THE OBIT PAGE: Cleto Escobedo III, a saxophonist and leader of the house band for comedian Jimmy Kimmel’s late night show, and a close friend of Kimmel’s since they were boys growing up in Las Vegas, has died at age 59. No cause was given.
Kimmel was in tears talking about it.
Escobedo’s band, Cleto and the Cletones, has been with “Jimmy Kimmel Live!” since the show went on the air in 2003. “Cleto and I have been inseparable since I was 9 years old,” Kimmel wrote on Instagram. “The fact that we got to work together every day is a dream neither of us could ever have imagined would come true.”
Escobedo’s father, Cleto Jr., came out of retirement to play with his son.
THE SPIN RACK: In one of his last letters to shareholders as CEO of the business conglomerate Berkshire Hathaway, Warren Buffett said he would speed up plans to give away much of his $150 billion fortune to his children’s philanthropic foundations. “My children are now at their prime in respect to experience and wisdom but have yet to enter old age,” The 95-year-old Buffett said of his daughter and two sons, who range in age from 67 to 72. — A Utah judge this week rejected a congressional map proposed by the state’s Republican legislature, instead ordering the use of a map drawn by a centrist coalition that had filed a lawsuit challenging the Republican proposal. The Republicans, who had tried to carve up the state in their own favor, vowed to fight the ruling, calling it an “Activist Map Decision.” — A 2,500-foot bridge in China that was completed earlier this year partially collapsed under a landslide on the mountain where it was built.
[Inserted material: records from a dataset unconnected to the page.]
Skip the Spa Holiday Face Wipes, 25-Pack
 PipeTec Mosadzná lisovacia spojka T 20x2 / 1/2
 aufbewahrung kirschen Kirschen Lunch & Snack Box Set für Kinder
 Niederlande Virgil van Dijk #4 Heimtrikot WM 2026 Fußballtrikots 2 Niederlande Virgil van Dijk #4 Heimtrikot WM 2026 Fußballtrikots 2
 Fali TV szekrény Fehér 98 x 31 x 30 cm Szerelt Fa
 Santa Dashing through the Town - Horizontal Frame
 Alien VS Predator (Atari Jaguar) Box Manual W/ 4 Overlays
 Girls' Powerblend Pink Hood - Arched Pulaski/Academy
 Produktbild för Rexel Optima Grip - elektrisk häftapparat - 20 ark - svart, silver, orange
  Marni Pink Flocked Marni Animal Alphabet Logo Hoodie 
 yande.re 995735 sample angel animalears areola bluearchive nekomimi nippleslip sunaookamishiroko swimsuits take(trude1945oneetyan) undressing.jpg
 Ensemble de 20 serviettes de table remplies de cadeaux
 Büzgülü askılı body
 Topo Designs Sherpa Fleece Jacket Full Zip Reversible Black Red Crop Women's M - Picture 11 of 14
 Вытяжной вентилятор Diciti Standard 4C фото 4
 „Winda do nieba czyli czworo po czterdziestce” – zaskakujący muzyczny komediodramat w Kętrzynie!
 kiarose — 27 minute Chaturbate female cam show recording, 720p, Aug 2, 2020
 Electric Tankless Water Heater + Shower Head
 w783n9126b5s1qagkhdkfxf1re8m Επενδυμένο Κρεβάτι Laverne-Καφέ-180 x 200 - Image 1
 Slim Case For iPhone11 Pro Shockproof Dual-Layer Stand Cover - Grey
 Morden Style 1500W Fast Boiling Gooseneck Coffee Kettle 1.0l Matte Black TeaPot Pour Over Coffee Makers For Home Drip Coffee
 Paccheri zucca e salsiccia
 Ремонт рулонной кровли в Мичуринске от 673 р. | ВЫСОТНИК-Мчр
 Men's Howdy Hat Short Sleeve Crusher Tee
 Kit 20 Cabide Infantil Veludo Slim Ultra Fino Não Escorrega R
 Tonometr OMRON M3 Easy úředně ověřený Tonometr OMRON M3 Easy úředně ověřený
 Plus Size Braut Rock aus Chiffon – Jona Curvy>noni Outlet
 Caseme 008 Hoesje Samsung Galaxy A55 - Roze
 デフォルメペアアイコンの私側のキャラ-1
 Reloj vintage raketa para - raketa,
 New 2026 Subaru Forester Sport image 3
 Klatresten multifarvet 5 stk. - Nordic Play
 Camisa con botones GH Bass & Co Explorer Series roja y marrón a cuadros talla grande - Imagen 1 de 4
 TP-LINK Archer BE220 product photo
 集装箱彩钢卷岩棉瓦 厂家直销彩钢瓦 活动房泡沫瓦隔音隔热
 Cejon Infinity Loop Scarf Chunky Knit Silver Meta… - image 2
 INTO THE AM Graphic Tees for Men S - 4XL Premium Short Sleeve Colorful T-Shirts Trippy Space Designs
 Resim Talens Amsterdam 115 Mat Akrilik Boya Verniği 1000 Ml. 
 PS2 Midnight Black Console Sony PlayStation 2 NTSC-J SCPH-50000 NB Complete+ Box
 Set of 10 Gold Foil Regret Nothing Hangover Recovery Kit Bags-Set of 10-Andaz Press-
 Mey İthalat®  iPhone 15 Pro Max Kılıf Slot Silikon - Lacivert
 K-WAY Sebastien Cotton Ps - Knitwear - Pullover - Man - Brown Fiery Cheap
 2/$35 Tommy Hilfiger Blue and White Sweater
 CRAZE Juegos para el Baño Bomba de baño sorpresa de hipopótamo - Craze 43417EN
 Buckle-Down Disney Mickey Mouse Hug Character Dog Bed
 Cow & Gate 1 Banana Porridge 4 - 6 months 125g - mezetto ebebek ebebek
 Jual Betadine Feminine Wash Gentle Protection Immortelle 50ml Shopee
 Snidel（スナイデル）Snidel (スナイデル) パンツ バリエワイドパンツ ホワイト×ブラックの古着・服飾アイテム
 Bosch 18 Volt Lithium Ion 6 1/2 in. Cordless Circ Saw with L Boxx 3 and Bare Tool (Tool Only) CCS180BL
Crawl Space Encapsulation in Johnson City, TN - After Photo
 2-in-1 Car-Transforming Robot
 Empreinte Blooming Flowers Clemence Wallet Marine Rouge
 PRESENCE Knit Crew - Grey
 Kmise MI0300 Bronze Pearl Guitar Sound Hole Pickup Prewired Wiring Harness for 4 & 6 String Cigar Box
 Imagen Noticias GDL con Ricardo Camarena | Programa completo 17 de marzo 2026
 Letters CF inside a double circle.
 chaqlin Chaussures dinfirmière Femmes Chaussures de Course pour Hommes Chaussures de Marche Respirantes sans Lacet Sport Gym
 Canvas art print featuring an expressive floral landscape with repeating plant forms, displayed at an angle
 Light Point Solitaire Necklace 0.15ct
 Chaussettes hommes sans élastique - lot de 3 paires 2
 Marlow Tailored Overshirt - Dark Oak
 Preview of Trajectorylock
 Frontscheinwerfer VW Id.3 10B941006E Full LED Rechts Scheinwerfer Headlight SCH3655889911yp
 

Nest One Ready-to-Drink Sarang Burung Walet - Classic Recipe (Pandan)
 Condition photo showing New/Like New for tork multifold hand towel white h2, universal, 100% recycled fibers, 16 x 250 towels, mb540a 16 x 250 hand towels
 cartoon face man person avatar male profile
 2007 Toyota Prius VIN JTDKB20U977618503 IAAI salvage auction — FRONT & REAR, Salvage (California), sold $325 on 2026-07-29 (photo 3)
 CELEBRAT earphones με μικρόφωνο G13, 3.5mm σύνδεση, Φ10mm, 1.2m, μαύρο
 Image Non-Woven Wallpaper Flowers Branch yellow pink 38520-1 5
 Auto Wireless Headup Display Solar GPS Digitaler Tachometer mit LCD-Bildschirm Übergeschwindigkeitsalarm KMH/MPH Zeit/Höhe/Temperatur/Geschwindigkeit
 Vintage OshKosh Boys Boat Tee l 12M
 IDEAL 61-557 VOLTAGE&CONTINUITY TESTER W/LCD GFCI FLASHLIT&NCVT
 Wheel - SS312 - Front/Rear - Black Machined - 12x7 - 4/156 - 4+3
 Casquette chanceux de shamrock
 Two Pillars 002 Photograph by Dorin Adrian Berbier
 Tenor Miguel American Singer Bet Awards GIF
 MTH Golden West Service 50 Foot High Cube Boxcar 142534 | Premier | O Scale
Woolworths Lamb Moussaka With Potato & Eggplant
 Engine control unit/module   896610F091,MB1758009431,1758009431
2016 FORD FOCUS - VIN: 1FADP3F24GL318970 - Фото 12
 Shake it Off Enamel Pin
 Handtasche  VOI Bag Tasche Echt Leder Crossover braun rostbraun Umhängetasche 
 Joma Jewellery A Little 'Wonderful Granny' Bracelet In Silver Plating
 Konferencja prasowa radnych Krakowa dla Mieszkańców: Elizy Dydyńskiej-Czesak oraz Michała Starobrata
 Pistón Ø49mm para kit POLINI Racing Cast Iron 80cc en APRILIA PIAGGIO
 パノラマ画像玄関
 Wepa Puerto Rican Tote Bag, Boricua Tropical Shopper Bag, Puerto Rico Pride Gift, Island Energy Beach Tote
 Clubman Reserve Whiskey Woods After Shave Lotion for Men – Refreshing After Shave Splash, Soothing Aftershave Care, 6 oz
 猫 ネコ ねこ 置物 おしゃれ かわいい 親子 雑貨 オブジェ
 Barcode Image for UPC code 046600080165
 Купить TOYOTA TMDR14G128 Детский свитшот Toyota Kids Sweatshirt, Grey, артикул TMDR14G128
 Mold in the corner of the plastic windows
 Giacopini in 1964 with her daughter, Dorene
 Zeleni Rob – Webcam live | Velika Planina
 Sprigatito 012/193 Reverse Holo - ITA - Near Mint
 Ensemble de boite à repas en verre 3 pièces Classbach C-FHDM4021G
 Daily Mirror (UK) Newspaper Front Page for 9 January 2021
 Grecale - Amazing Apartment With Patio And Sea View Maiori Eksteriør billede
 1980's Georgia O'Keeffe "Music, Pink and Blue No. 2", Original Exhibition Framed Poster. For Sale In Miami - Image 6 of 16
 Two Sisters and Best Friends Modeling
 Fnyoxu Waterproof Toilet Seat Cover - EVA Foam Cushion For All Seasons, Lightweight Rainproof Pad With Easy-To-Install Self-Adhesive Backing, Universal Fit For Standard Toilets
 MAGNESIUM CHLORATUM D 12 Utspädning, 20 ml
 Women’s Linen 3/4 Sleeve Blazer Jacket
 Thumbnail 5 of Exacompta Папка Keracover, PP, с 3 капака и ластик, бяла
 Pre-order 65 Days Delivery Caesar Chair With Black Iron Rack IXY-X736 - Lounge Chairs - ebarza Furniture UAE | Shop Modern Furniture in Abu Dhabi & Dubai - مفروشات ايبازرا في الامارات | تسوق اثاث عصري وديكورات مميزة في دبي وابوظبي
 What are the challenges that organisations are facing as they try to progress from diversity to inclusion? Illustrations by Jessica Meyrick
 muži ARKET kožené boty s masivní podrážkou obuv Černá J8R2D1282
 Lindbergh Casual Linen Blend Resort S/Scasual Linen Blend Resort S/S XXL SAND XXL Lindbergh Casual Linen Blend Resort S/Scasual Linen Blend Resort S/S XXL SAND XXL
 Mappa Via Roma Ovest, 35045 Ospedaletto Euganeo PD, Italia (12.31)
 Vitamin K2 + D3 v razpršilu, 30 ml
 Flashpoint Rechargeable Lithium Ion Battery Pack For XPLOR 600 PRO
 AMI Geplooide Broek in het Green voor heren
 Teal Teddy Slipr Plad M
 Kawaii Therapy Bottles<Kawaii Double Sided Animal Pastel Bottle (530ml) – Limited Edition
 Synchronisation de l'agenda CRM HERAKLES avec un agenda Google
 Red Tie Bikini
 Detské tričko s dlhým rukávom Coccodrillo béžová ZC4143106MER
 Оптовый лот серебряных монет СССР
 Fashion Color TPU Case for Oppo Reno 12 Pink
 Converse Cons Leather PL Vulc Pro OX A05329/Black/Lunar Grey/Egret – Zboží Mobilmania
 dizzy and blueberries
BELOW THE FOLD: The Marion County government in central Kansas has agreed to pay $3 million to several parties and apologize for a 2023 raid on the local newspaper, the Marion County Record, searching for the source of purportedly leaked information involving a story never published.
The money goes to the paper’s editor, two reporters, the publishing company, and the city’s former vice mayor whose home was searched.